Sur le défaut d’information des critères de l’ordre des licenciements :

Madame [S] [N] veuve [GG] fait valoir que la société appelante ne lui a nullement communiqué les critères de l’ordre des licenciements, que la note d’information économique et légale (pièce adverse n° 19) ne constitue qu’un simple projet qui n’est pas daté et vraisemblablement établi pour les besoins de la cause ; que la défaillance de la société DISTRICOM lui cause un préjudice distinct de celui réparant l’absence de cause réelle et sérieuse et que l’intimée est fondée à solliciter la somme de 2000 euros à titre de dommages-intérêts pour défaut d’information des critères de l’ordre des licenciements.

La SAS DISTRICOM SAM réplique que chaque salarié a eu accès à l’ordre des licenciements, raison pour laquelle Madame [S] [N] veuve [GG] ne s’est jamais manifestée sur ce point avant la réintroduction de son instance en 2013 devant le conseil de prud’hommes ; qu’il résulte bien de la note d’informations économiques et légales que les critères « proposés pour fixer l’ordre des licenciements » ont été établis avec l’aval du Comité d’Entreprise et reposent sur des éléments objectifs, les critères d’ancienneté et de compétences professionnelles ayant primé, et que Madame [N]-[GG] doit être déboutée en ses demandes.

Il convient d’observer que Madame [S] [N] veuve [GG] ne conteste pas la définition et l’application des critères d’ordre des licenciements. Elle sollicite uniquement une indemnisation pour défaut d’information des critères de l’ordre des licenciements.

Toutefois, Madame [S] [N] veuve [GG] ne prétend pas ni ne justifie qu’elle a adressé à l’employeur une demande écrite aux fins de connaître les critères retenus pour fixer l’ordre des licenciements, en vertu de l’article L.1233-17 du code du travail (dans sa version applicable à la cause).

À défaut de demande écrite de la salariée, l’employeur n’avait pas l’obligation de lui faire connaître les critères retenus pour fixer l’ordre des licenciements. Il n’a donc pas commis de manquement à ses obligations légales et contractuelles.

En conséquence, la Cour réforme le jugement sur ce point et déboute Madame [S] [N] veuve [GG] de sa demande d’indemnisation pour défaut d’information des critères d’ordre des licenciements.
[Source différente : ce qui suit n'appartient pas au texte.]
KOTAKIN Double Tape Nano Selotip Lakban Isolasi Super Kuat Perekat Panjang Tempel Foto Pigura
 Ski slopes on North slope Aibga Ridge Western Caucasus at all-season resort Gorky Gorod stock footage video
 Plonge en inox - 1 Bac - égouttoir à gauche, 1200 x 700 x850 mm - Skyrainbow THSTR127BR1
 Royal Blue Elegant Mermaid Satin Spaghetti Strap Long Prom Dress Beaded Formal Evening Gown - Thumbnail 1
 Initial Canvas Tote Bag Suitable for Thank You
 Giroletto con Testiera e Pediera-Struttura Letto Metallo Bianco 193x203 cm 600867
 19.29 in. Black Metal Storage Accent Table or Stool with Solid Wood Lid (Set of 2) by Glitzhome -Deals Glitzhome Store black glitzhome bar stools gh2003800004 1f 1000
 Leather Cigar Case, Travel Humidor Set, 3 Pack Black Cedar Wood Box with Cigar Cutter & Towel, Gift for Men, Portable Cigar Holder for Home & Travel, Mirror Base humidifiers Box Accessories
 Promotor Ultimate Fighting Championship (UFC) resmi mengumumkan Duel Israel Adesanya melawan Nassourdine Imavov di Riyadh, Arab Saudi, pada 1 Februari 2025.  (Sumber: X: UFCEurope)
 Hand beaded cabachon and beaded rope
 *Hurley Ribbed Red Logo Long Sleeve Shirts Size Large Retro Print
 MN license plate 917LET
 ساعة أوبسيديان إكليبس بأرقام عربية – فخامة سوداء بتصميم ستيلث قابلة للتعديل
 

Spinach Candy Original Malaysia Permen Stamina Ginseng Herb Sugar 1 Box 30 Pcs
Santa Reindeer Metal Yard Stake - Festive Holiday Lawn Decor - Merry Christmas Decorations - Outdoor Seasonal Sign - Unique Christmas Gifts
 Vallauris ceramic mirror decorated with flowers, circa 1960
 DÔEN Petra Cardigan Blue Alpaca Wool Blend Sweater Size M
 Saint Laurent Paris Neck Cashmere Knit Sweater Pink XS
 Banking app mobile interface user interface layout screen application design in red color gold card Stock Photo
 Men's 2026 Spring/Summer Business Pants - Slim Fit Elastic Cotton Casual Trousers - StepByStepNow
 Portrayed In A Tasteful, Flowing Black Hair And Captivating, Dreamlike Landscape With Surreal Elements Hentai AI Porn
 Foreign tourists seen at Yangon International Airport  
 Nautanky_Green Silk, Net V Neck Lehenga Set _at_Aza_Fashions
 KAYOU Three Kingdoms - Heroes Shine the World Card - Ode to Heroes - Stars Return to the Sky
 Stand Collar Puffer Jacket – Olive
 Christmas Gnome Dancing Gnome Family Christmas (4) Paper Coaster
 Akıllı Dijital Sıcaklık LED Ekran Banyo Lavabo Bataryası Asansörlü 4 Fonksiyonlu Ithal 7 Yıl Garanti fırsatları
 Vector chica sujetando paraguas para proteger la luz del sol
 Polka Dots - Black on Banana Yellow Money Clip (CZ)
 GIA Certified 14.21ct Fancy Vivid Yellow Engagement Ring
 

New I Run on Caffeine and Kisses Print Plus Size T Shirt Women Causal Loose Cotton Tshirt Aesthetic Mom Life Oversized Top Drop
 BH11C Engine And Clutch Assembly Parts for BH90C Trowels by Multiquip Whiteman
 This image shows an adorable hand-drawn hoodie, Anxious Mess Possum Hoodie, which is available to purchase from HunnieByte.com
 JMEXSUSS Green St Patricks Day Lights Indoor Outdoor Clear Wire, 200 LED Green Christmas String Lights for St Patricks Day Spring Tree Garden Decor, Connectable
Sur le remboursement des indemnités de chômage :

S’agissant d’un licenciement nul et non d’un licenciement sans cause réelle et sérieuse, il y a lieu de réformer le jugement en ce qu’il a ordonné le remboursement par l’employeur au Pôle emploi des indemnités de chômage versées à la salariée licenciée.

Sur l’article 700 du code de procédure civile :

Il y a lieu de faire application des dispositions de l’article 700 du code de procédure civile, tel que précisé au dispositif.

PAR CES MOTIFS

La Cour, après en avoir délibéré, statuant publiquement, par arrêt contradictoire prononcé par mise à disposition au greffe, les parties en ayant été avisées dans les conditions prévues à l’article 450 alinéa 2 du code de procédure civile et en matière prud’homale,

Infirme le jugement sauf en ce qu’il a condamné la SAS DISTRICOM SALES AND MARKETING à payer à Madame [S] [N] épouse [GG] 1000 euros au titre de l’article 700 du code de procédure civile,

Statuant à nouveau,

Dit que le licenciement économique de Madame [S] [N] veuve [GG] est nul,

Condamne la SAS DISTRICOM SALES AND MARKETING (DISTRICOM SAM) à payer à Madame [S] [N] veuve [GG] 20 000 euros de dommages-intérêts pour licenciement nul, avec intérêts au taux légal à compter du jugement et avec anatocisme,

Déboute Madame [S] [N] veuve [GG] de ses demandes de rappel de salaire, congés payés afférents et de dommages-intérêts pour défaut d’information des critères d’ordre des licenciements,

Dit n’y avoir lieu à remboursement par l’employeur à Pôle emploi des indemnités de chômage versées à la salariée,

Condamne la SAS DISTRICOM SALES AND MARKETING aux dépens et à payer à Madame [S] [N] veuve [GG] 1500 euros supplémentaire au titre de l’article 700 du code de procédure civile,

Dit que le présent arrêt sera notifié par le greffe de la Cour au Pôle emploi PACA.